Rising inequality and our need for stories about the wretched rich

As the gap between haves and have-nots widens, we don’t want to think about the possibility that the happiness of the super-rich could be rising in lockstep with their bank balances. The 2023 study lacked “substantial data” for individuals earning in excess of USD$500,000 so we can’t say how much happier you get if you boost your income beyond that point.

Elon Musk is unlikely to fill in a survey on his subjective wellbeing or to sign up for therapy with Clay Cockrell. We may hope the mess Musk seems to have made of buying Twitter has dented his happiness just a bit. Those targeted by mass layoffs at Twitter have almost certainly suffered declines in their subjective wellbeing.

Suppose the super-rich could be enjoying unprecedented levels of happiness to go with their wealth. Perhaps this explains why they so vigorously contest requests to contribute more to the public purse. Could this be an additional prompt to enact policies that respond to the inequality that gives such pleasurable lives to the fortunate few? The rich don’t even have the decency to feel miserable as they hang out in luxury resorts and explore Taormina’s Greco-Roman theatre.

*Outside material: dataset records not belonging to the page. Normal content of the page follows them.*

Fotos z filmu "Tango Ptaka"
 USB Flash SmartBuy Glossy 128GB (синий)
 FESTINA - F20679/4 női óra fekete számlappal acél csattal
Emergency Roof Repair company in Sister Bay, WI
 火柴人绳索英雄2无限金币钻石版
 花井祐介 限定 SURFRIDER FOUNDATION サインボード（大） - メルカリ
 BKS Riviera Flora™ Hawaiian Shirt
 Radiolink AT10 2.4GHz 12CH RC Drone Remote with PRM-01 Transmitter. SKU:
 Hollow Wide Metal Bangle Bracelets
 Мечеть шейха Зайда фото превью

There may be good news from the 2023 study for members of the super-rich who find themselves enduring the miseries depicted in Succession. You may be failing to live up to the expectations of a father whose favoured response to your inquiries is “F*** off!”. You may lack the agency enjoyed by today’s tech billionaire class. But you may find a lot of happiness if rather than trying to emulate dad, you just get busy spending his money.